- ACTION ITEM: Could you copy word for word only the lines between the one containing "I read about" and the end of the listing below, both included, and leave out the pictures?

(TASK INPUT Opens)

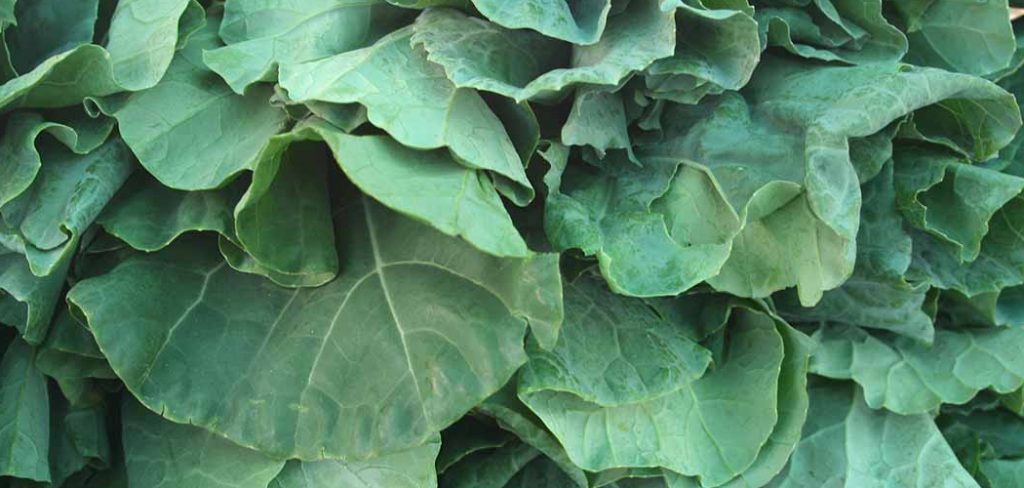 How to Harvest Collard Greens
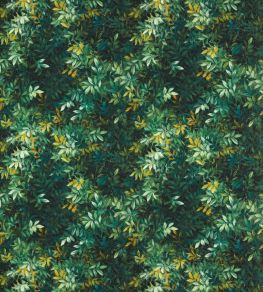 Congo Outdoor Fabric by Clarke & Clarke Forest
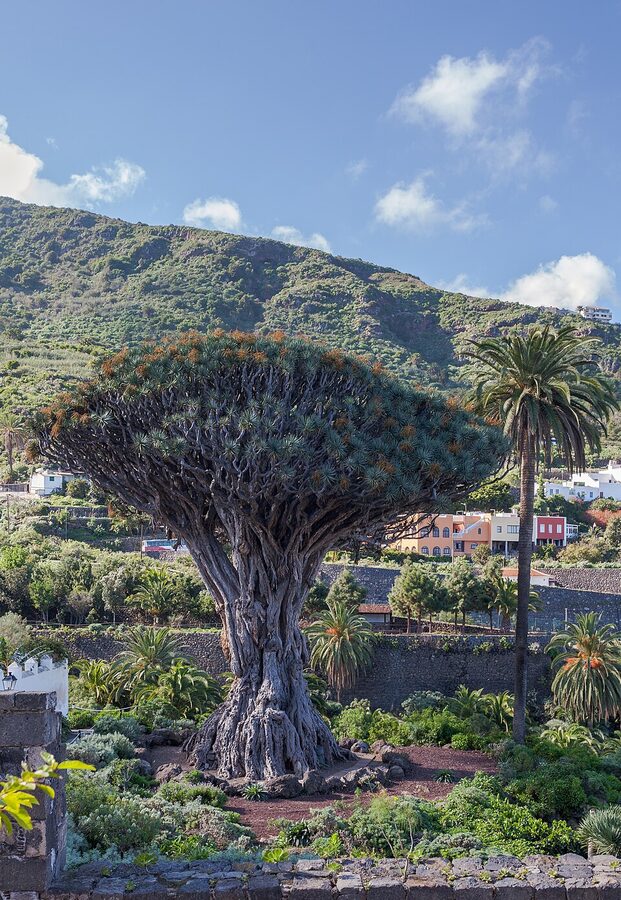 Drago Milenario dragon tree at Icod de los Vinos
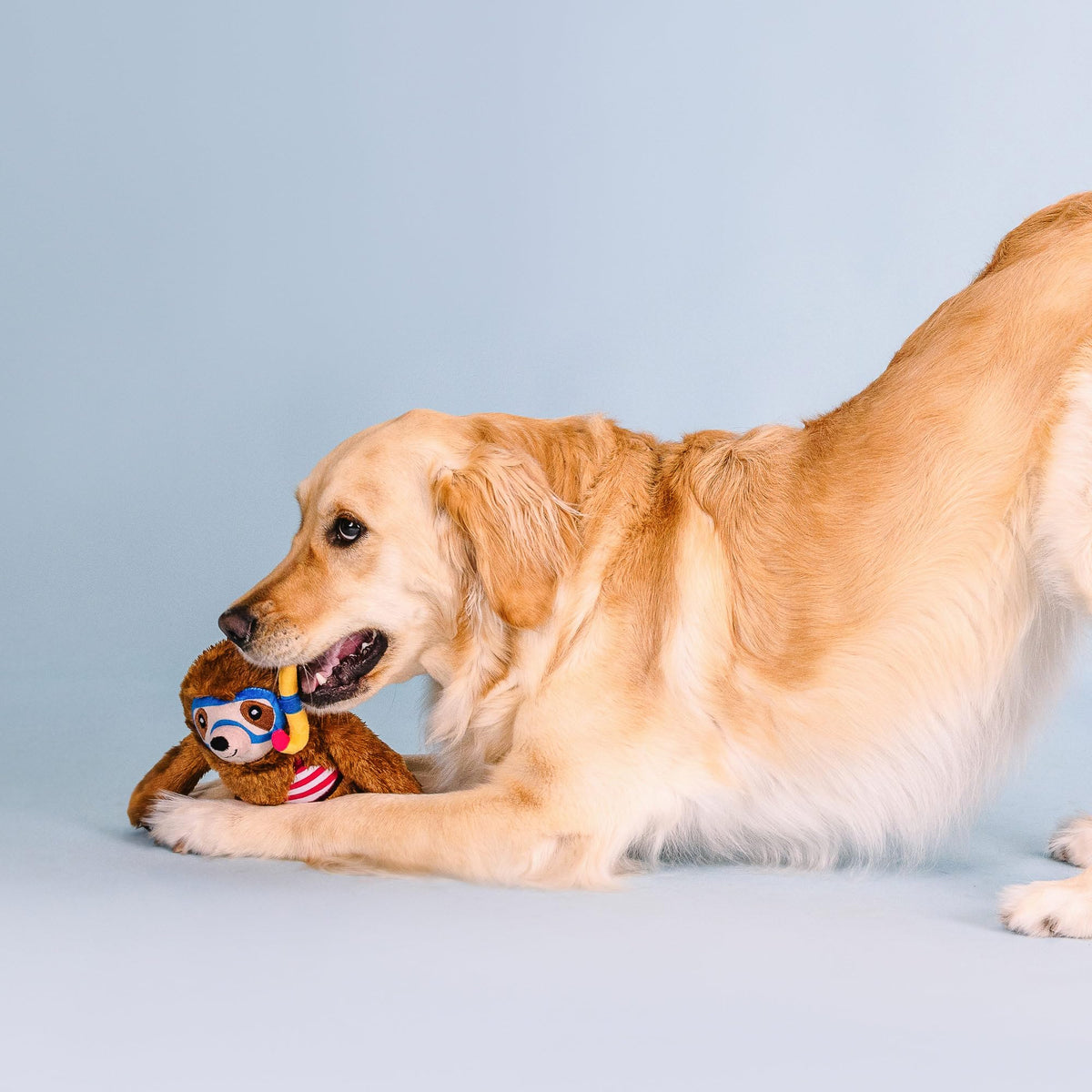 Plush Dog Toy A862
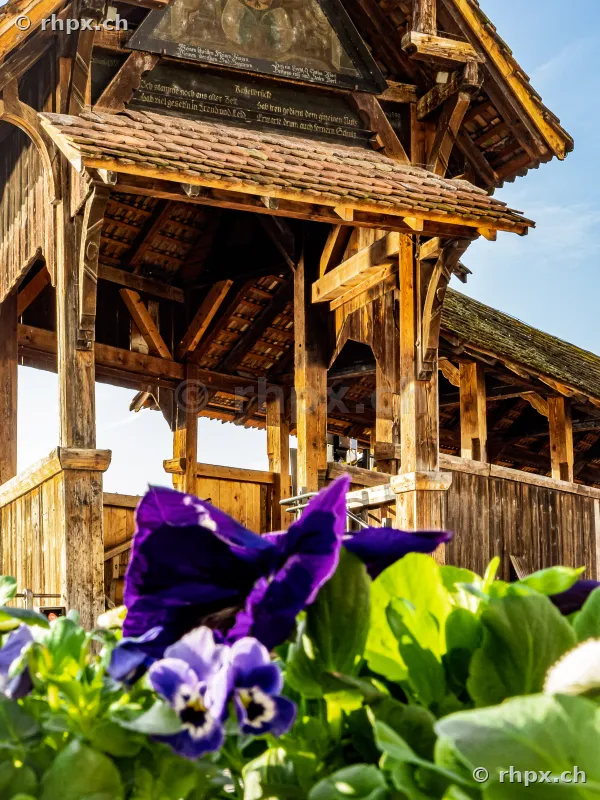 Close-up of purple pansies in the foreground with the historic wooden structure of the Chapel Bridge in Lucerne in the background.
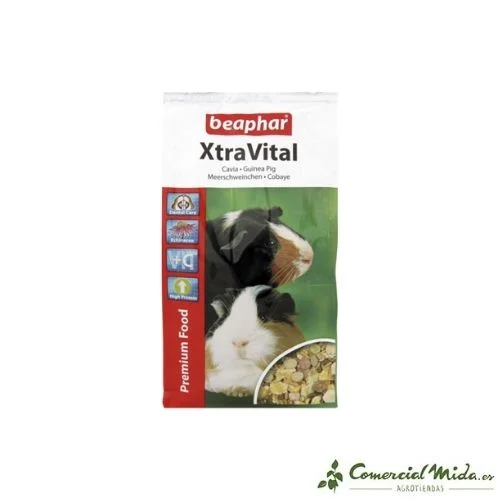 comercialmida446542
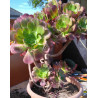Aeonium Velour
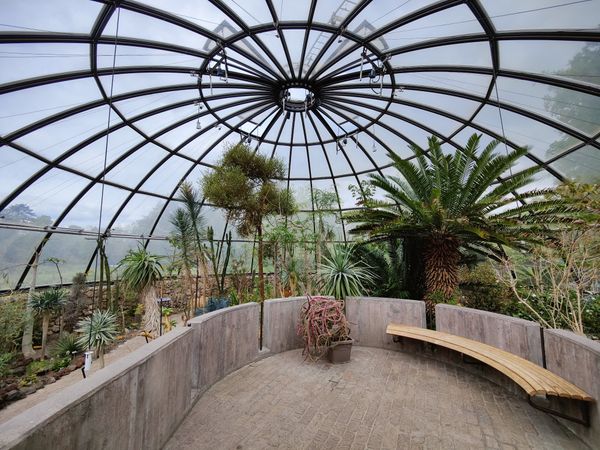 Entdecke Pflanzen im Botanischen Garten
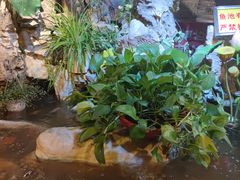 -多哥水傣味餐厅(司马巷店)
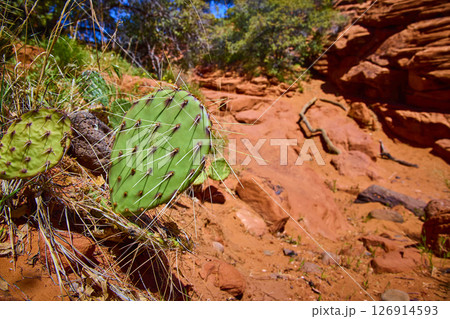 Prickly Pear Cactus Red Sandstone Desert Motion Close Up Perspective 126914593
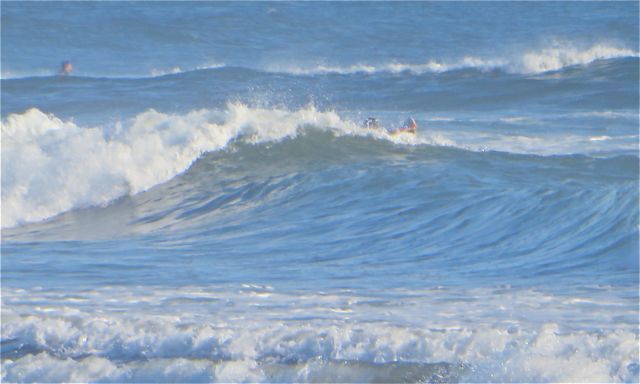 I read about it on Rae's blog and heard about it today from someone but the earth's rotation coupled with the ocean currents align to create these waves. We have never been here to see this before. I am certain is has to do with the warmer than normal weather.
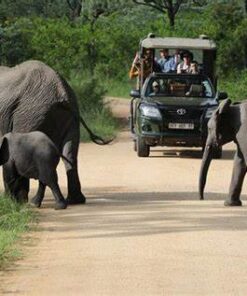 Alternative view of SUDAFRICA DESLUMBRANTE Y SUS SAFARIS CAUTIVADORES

(TASK INPUT Closes)

- RESPONSE BOX:
 I read about it on Rae's blog and heard about it today from someone but the earth's rotation coupled with the ocean currents align to create these waves. We have never been here to see this before. I am certain is has to do with the warmer than normal weather.
 Alternative view of SUDAFRICA DESLUMBRANTE Y SUS SAFARIS CAUTIVADORES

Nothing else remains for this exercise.